Bias–variance impact

  • Increasing λ:
    • Increases bias (underfitting risk)
    • Decreases variance (better generalization, less overfitting)
  • Choose λ via cross‑validation to balance bias and variance.

When to use Lasso

  • High‑dimensional data (p ≫ n) where feature selection is valuable.
  • You want a compact, interpretable model with few non‑zero coefficients.
  • Many weak/irrelevant features are present.

When to be careful

  • Strongly correlated predictors: Lasso’s choice among them can be unstable.
  • If you need to keep groups of correlated features together, consider Elastic Net instead.

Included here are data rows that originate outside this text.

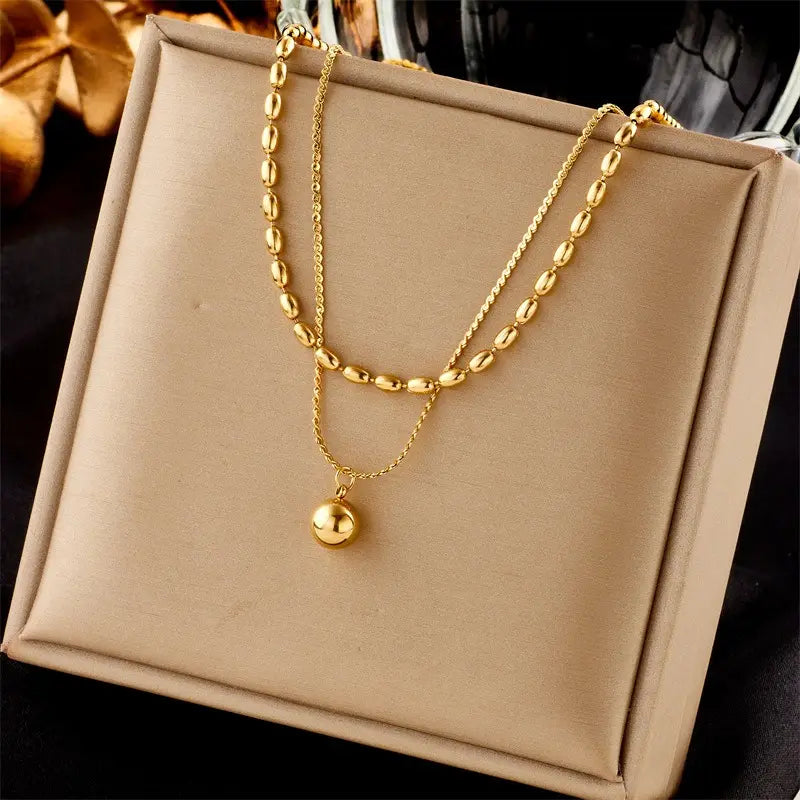 Anti-Tarnish Double Layer Ball Pendent 18K Gold Plated Stainless Steel Necklace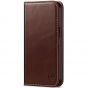 SHIELDON iPhone 13 Pro Max Wallet Case, iPhone 13 Pro Max Genuine Leather Cover - Coffee - Retro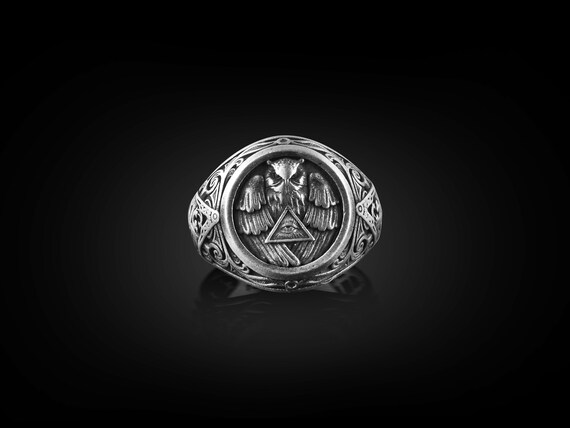 Owl Mens Silver Signet Ring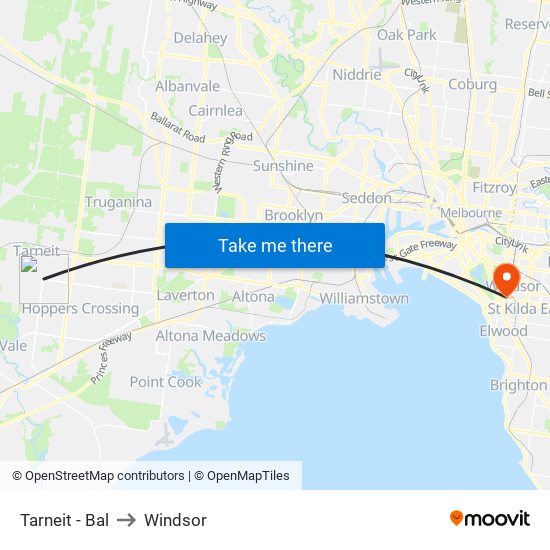 Tarneit - Bal to Windsor map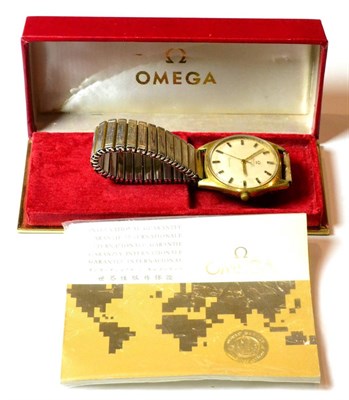 Lot 124 - A gold plated Omega automatic wristwatch and an Omega box and paperwork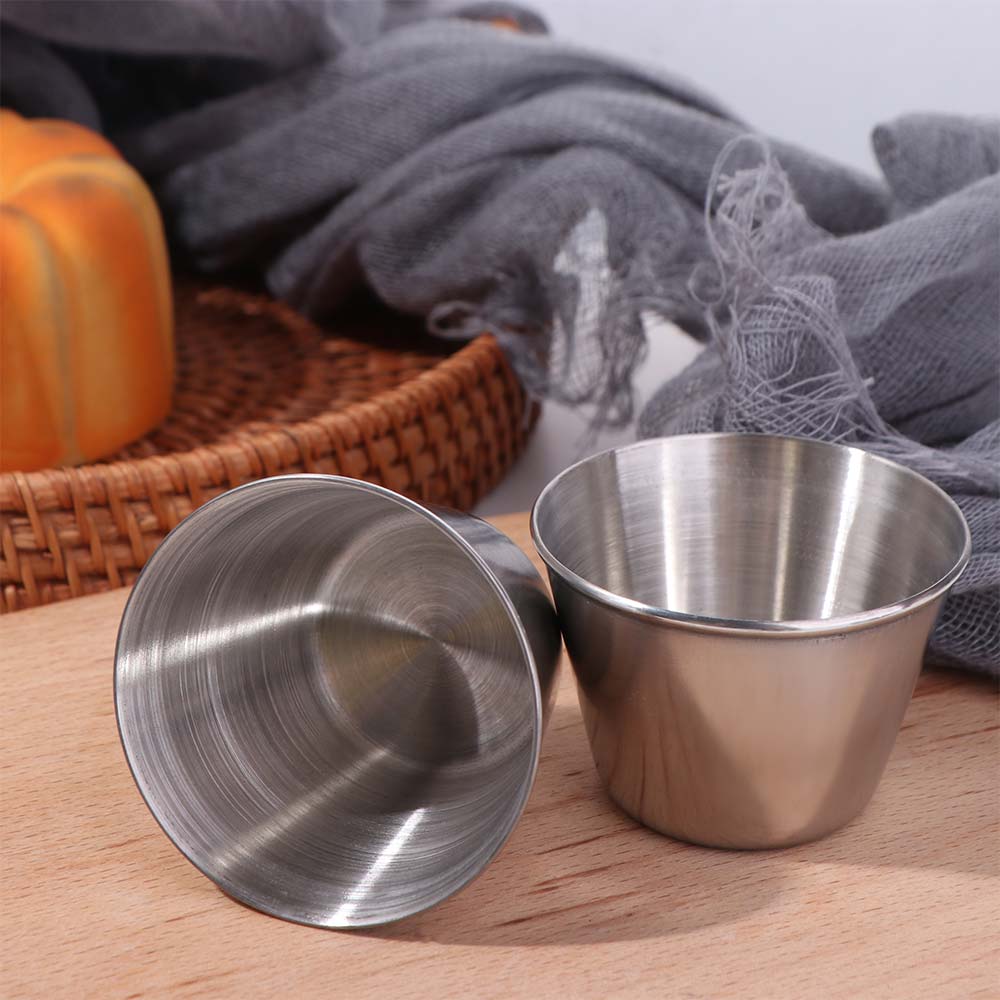 12PCS/SET 304 Stainless Steel Barbecue Dipping Cup Stainless Steel Seasoning Dish Outdoor Use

Lasso vs Ridge vs Elastic Net

  • Ridge (L2): Loss = MSE + λ Σ w_i^2 → shrinks coefficients toward 0 but rarely exactly 0; good with multicollinearity; spreads weight across correlated features.
  • Lasso (L1): drives many coefficients to 0 → feature selection, but unstable with highly correlated features.
  • Elastic Net (α mix of L1/L2): combines benefits; tends to keep groups of correlated features; often a robust default.

Practical tips

  • Scale features (standardization) before applying Lasso; penalties are scale‑dependent.
  • Tune λ (often called alpha) with cross‑validation.
  • Check coefficient paths as λ varies to understand model stability.
  • For categorical features with one‑hot encoding, keep a consistent reference and consider group penalties if needed.

Tiny contract

  • Inputs: numeric features X (scaled), target y, hyperparameter λ.
  • Output: weight vector w with many zeros, intercept b.
  • Success: low validation error with sparse, interpretable coefficients.
  • Error modes: too large λ → all zeros (underfit); too small λ → overfit; correlated features → unstable selection.

Minimal sklearn example

from sklearn.preprocessing import StandardScaler
from sklearn.linear_model import LassoCV
from sklearn.pipeline import make_pipeline

# Pipeline scales features then runs Lasso with CV to pick λ (alpha)
model = make_pipeline(StandardScaler(), LassoCV(cv=5, random_state=42))
model.fit(X_train, y_train)

print("Chosen alpha:", model.named_steps['lassocv'].alpha_)
coef = model.named_steps['lassocv'].coef_
print("Non-zero features:", (coef != 0).sum())

Key takeaways

  1. Lasso adds an L1 penalty: Loss = MSE + λ Σ |w_i|.
  2. It can make coefficients exactly zero → automatic feature selection.
  3. Tune λ via CV; scale features first.
  4. Prefer Elastic Net when features are strongly correlated.